Lines to return, exactly: from the line with "Hakkari Valisi Ali" to the line with "Torrevieja - Torrevieja Centro" in the entries below, both included.

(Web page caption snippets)
◆ ◆ ◆

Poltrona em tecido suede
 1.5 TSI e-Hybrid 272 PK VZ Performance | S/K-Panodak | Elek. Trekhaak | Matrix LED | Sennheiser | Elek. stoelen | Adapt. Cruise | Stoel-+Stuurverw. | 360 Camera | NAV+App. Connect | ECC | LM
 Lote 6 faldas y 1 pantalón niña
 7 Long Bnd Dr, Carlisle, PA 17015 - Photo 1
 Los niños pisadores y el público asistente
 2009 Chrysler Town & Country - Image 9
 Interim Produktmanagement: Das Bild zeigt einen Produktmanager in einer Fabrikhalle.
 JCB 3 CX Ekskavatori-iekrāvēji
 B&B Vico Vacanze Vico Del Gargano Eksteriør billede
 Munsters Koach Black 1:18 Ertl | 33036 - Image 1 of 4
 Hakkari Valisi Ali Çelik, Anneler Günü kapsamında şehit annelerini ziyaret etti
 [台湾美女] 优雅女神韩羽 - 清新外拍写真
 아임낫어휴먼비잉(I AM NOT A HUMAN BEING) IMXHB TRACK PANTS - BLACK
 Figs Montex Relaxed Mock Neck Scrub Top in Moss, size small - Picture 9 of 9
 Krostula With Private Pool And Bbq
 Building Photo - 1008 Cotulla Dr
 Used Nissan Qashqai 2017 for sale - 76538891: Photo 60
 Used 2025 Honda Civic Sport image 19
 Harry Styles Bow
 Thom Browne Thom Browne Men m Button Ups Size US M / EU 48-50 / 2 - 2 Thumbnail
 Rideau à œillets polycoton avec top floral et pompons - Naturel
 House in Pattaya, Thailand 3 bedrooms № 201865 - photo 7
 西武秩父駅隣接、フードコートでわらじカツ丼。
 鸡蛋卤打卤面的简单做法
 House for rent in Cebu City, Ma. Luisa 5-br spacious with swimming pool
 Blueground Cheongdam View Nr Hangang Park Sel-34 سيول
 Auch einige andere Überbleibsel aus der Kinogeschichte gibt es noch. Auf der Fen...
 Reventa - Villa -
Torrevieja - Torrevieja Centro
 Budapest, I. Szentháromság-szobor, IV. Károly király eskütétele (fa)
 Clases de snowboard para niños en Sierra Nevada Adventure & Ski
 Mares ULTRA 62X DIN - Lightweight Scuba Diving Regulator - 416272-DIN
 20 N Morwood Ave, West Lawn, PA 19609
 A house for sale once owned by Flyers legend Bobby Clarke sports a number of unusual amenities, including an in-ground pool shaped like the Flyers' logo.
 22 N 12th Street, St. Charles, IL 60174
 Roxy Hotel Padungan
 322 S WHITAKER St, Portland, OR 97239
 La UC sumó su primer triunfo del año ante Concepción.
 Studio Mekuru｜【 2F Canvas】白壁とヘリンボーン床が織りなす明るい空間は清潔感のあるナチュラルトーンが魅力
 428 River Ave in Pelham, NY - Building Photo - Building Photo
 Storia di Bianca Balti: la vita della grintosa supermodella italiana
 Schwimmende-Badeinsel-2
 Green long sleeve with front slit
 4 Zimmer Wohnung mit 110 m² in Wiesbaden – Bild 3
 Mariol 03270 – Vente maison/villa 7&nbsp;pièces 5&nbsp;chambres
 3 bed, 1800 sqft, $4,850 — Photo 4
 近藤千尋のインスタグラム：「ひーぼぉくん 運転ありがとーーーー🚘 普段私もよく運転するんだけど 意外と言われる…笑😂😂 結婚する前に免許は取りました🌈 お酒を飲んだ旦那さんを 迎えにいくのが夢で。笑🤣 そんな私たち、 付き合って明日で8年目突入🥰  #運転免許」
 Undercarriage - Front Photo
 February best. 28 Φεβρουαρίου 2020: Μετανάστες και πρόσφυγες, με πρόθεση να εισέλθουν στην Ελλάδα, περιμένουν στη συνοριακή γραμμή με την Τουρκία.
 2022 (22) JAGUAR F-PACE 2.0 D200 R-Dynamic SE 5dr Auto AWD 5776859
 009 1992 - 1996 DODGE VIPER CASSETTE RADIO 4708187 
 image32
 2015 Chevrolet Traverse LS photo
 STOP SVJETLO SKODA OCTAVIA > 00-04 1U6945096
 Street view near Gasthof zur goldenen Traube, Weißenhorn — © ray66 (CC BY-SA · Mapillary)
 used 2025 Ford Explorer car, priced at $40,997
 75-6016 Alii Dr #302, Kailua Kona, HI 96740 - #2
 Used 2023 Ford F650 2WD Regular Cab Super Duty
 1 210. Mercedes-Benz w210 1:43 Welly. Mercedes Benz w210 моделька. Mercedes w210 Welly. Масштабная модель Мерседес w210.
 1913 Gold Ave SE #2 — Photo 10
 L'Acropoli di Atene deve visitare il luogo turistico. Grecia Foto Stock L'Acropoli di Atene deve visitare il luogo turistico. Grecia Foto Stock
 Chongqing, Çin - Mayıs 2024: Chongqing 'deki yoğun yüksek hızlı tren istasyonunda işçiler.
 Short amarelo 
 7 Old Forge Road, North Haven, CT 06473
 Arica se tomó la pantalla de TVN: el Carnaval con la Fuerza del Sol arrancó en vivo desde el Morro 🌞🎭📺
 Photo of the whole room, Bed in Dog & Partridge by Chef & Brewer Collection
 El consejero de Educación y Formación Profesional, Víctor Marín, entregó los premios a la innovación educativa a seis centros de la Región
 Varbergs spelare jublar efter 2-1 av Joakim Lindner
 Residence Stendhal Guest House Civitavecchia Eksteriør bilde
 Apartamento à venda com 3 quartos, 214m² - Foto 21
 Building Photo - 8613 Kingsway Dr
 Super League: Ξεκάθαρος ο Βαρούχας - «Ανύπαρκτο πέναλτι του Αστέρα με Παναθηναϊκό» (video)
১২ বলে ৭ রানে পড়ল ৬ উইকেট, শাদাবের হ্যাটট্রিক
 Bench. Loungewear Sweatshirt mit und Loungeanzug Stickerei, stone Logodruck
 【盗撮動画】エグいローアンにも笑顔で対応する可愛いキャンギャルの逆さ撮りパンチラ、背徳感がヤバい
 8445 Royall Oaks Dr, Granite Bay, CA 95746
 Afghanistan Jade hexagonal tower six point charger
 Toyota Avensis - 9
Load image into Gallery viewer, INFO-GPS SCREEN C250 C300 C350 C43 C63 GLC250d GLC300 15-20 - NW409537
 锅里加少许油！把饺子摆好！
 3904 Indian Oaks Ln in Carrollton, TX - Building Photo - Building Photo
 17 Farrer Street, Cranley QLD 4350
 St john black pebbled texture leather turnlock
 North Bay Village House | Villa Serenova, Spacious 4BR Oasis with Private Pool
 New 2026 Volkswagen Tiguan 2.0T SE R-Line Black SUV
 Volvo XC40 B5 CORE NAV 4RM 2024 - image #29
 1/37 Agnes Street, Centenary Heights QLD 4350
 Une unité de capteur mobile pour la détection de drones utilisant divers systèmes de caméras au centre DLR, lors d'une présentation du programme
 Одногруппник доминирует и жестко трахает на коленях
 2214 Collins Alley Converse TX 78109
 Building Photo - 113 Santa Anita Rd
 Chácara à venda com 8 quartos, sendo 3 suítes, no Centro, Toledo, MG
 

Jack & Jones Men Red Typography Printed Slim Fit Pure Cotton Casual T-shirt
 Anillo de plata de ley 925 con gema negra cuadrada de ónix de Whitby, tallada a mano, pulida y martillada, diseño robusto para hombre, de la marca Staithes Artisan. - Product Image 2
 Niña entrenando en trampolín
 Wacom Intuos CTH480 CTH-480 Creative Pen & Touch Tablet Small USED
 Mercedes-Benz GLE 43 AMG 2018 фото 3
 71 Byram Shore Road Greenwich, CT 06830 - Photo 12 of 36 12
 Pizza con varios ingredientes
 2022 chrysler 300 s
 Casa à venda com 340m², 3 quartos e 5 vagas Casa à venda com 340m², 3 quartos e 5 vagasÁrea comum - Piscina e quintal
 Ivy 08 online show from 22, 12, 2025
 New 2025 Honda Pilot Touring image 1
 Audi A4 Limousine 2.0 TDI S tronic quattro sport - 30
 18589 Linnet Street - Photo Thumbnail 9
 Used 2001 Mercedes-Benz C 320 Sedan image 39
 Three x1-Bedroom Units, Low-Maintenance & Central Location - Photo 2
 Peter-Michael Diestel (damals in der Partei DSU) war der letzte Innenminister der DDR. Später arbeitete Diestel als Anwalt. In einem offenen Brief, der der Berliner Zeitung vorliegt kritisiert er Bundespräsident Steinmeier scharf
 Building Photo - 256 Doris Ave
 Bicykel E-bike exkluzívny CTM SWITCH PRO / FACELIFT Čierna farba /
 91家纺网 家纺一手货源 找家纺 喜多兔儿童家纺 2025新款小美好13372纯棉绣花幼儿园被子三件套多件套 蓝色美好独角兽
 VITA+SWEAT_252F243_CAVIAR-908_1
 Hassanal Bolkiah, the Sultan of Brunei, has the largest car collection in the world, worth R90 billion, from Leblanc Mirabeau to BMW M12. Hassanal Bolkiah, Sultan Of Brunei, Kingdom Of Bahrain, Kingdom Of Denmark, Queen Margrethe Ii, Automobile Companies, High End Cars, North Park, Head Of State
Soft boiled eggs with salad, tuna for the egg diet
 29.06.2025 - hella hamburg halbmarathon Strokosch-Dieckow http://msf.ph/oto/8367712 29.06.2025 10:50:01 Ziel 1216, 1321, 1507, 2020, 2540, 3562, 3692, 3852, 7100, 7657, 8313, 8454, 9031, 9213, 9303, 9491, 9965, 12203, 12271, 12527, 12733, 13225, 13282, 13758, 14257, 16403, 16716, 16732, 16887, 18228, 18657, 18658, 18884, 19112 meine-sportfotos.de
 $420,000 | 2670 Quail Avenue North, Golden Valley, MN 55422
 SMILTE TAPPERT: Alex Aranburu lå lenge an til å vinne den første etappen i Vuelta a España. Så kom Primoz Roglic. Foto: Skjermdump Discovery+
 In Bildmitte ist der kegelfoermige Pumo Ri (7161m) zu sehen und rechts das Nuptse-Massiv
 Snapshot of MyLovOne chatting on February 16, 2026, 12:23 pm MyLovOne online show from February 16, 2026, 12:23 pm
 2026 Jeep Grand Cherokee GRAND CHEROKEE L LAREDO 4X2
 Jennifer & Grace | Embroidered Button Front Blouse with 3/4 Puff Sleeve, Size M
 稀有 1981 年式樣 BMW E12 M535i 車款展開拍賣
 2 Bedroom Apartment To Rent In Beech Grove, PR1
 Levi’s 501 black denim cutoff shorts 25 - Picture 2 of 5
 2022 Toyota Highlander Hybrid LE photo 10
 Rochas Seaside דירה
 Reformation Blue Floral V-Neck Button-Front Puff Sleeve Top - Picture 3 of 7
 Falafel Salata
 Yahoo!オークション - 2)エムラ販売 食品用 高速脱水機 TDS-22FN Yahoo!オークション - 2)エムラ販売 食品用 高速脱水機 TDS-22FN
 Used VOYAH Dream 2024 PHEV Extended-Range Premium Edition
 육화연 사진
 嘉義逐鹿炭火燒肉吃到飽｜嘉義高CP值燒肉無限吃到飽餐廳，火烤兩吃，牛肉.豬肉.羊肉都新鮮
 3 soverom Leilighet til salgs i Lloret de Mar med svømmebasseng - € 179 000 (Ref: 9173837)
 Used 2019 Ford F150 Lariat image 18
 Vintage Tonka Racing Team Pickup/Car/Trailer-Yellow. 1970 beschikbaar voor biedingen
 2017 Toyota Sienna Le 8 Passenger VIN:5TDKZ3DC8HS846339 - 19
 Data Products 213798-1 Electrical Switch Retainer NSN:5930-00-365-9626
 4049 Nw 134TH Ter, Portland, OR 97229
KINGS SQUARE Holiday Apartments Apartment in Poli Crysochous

◆ ◆ ◆

§ **Result for this task**
 Hakkari Valisi Ali Çelik, Anneler Günü kapsamında şehit annelerini ziyaret etti
 [台湾美女] 优雅女神韩羽 - 清新外拍写真
 아임낫어휴먼비잉(I AM NOT A HUMAN BEING) IMXHB TRACK PANTS - BLACK
 Figs Montex Relaxed Mock Neck Scrub Top in Moss, size small - Picture 9 of 9
 Krostula With Private Pool And Bbq
 Building Photo - 1008 Cotulla Dr
 Used Nissan Qashqai 2017 for sale - 76538891: Photo 60
 Used 2025 Honda Civic Sport image 19
 Harry Styles Bow
 Thom Browne Thom Browne Men m Button Ups Size US M / EU 48-50 / 2 - 2 Thumbnail
 Rideau à œillets polycoton avec top floral et pompons - Naturel
 House in Pattaya, Thailand 3 bedrooms № 201865 - photo 7
 西武秩父駅隣接、フードコートでわらじカツ丼。
 鸡蛋卤打卤面的简单做法
 House for rent in Cebu City, Ma. Luisa 5-br spacious with swimming pool
 Blueground Cheongdam View Nr Hangang Park Sel-34 سيول
 Auch einige andere Überbleibsel aus der Kinogeschichte gibt es noch. Auf der Fen...
 Reventa - Villa -
Torrevieja - Torrevieja Centro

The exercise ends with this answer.